■ **ASSIGNED TASK**: From the records below, extract only the lines running from the line with "fabric wrapped hinged bangle with bow" to the line with "Une femme se", both lines included, reproducing them exactly.

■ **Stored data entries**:
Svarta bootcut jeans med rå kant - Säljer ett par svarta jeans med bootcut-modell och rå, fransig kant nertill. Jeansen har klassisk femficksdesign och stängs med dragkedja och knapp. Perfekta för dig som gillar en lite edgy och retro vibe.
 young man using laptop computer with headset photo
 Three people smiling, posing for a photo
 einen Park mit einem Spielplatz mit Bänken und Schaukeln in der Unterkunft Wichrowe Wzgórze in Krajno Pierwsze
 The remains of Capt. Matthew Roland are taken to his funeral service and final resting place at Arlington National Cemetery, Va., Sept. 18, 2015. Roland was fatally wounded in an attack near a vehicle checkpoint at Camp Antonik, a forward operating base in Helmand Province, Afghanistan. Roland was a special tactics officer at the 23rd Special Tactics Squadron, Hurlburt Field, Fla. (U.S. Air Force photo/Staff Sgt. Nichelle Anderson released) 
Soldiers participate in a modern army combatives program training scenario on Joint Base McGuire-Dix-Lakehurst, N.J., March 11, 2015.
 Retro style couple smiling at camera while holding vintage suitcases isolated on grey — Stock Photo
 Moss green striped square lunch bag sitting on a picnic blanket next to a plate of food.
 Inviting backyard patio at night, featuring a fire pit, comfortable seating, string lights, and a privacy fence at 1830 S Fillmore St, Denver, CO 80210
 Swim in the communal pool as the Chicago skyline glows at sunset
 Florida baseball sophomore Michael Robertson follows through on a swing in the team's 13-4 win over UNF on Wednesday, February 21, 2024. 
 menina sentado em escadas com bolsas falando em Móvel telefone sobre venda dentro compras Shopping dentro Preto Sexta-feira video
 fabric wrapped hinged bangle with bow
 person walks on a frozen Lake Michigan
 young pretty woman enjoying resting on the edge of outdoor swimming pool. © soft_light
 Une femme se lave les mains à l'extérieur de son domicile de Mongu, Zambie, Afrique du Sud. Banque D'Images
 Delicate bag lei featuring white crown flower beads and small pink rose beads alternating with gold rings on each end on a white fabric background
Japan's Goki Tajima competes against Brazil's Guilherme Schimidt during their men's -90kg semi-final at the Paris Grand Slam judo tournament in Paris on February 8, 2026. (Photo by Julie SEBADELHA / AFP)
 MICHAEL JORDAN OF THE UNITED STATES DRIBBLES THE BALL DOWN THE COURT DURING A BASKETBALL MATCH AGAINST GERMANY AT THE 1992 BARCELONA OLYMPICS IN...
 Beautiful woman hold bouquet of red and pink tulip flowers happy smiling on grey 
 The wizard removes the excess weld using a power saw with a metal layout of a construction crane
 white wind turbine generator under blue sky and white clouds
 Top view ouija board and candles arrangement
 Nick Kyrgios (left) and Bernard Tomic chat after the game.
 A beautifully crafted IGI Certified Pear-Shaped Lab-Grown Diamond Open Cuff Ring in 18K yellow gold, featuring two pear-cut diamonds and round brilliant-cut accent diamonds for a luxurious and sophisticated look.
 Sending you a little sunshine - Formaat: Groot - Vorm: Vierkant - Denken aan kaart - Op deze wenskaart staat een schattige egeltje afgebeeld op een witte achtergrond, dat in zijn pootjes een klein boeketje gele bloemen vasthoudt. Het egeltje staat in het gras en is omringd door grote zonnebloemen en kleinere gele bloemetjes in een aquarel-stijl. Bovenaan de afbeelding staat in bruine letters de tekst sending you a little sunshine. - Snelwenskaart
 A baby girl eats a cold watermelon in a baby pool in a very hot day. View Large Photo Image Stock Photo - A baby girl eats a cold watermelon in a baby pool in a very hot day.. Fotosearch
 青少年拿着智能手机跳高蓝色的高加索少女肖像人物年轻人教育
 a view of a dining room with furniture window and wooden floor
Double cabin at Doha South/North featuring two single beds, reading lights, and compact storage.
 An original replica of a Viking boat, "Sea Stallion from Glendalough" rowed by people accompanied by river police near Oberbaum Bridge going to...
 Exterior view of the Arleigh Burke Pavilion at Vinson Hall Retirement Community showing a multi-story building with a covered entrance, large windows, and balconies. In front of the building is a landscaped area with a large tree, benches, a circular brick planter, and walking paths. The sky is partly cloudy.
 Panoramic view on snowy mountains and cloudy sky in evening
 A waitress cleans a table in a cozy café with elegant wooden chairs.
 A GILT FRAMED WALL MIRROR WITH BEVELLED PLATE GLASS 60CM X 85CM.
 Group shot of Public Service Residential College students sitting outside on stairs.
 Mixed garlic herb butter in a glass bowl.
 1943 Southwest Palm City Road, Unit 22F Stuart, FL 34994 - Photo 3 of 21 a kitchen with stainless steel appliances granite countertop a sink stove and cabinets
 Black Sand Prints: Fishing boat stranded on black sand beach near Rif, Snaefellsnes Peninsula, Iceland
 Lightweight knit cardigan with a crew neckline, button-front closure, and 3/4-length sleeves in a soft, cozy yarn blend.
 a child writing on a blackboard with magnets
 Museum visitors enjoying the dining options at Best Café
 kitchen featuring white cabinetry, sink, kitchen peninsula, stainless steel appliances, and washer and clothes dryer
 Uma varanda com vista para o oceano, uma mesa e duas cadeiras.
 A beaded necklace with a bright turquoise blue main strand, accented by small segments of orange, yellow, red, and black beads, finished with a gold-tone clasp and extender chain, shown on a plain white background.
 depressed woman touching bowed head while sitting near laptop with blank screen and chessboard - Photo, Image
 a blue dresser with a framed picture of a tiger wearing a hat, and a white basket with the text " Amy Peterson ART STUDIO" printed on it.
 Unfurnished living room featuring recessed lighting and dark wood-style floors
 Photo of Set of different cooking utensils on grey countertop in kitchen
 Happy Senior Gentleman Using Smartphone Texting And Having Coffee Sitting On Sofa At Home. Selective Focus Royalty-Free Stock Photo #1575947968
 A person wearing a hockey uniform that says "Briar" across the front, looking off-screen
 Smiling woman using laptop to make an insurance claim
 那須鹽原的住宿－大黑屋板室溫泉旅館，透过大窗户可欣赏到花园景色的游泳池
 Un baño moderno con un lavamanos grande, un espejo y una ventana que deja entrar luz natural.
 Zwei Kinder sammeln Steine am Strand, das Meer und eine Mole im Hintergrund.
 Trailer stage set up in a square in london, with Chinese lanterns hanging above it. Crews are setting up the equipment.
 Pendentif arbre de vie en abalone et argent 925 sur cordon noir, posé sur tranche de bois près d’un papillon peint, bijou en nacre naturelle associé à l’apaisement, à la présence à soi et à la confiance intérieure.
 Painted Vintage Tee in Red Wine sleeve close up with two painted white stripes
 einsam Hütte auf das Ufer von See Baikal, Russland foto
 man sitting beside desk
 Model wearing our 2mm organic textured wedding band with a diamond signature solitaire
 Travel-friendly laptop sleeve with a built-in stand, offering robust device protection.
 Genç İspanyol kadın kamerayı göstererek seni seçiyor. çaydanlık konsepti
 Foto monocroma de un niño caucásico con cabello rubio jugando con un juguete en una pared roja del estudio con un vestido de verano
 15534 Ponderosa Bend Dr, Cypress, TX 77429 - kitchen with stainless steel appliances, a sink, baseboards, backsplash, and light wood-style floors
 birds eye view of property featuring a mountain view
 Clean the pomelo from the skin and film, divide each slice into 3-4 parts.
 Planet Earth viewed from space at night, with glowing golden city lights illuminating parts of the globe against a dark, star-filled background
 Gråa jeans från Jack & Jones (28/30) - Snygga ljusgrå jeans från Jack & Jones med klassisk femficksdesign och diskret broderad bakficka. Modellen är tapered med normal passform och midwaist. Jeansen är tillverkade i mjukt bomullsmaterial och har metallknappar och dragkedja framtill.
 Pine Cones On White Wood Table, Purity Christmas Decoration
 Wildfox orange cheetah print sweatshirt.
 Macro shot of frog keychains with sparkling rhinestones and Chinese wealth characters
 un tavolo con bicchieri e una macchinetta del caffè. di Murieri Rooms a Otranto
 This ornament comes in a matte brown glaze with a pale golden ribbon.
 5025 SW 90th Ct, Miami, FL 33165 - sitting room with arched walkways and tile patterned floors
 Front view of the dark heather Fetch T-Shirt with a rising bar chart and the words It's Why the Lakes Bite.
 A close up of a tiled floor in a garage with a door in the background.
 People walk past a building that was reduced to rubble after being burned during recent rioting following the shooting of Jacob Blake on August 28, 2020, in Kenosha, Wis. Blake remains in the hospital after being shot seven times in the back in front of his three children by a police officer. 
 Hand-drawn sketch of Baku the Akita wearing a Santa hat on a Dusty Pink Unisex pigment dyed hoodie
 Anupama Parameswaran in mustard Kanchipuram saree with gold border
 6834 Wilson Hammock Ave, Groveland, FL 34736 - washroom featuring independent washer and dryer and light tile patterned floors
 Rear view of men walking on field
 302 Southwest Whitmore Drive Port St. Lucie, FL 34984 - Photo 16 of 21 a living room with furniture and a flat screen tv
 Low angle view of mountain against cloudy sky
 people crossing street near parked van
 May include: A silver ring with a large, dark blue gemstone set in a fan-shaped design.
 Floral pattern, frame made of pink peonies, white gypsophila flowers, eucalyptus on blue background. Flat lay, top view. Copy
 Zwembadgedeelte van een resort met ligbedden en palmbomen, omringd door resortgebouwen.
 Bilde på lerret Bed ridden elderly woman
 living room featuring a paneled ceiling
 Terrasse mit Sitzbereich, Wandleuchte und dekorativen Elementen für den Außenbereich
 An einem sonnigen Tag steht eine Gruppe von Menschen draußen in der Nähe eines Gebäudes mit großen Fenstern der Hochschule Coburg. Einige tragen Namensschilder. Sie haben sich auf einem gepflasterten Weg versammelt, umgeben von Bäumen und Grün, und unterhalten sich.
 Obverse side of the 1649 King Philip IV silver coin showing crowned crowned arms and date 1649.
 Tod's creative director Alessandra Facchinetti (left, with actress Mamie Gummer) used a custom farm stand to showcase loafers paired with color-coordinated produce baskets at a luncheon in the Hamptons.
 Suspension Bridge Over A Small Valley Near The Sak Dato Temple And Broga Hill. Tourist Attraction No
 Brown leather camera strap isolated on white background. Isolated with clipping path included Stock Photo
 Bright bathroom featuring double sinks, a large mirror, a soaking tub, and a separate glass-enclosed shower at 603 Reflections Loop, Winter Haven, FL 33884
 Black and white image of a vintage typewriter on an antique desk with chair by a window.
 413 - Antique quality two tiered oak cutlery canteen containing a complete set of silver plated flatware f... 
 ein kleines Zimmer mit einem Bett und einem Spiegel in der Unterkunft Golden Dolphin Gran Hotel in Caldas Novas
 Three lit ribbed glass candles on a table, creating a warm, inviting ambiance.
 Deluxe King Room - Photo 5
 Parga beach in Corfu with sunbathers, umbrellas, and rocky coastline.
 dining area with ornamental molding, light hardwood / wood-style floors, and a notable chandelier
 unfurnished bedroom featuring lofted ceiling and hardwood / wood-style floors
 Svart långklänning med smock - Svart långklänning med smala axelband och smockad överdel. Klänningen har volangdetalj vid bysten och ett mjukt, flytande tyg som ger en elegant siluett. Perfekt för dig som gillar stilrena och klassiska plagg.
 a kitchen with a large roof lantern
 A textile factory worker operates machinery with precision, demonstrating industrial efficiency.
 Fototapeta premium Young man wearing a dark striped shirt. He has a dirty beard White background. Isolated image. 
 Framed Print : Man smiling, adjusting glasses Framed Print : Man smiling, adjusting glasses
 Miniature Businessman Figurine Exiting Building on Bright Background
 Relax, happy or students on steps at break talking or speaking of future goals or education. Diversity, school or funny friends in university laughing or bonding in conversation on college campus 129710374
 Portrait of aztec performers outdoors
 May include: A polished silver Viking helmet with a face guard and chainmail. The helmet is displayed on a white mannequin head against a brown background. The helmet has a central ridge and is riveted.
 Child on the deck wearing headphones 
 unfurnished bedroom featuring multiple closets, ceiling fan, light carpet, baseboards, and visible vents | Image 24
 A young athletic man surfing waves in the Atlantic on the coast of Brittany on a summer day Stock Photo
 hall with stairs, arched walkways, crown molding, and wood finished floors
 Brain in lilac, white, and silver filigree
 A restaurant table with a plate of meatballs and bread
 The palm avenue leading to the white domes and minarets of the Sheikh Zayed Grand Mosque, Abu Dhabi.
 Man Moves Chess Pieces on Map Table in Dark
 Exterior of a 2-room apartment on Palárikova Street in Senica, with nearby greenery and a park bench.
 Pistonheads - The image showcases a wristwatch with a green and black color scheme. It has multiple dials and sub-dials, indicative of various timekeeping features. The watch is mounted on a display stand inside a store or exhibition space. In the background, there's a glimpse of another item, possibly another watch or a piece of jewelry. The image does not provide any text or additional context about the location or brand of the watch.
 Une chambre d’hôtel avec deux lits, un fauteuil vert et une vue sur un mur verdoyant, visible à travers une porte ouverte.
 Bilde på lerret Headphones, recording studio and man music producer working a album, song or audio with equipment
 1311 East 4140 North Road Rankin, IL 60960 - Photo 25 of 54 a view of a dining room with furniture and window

■ **EXERCISE ANSWER**:
 fabric wrapped hinged bangle with bow
 person walks on a frozen Lake Michigan
 young pretty woman enjoying resting on the edge of outdoor swimming pool. © soft_light
 Une femme se lave les mains à l'extérieur de son domicile de Mongu, Zambie, Afrique du Sud. Banque D'Images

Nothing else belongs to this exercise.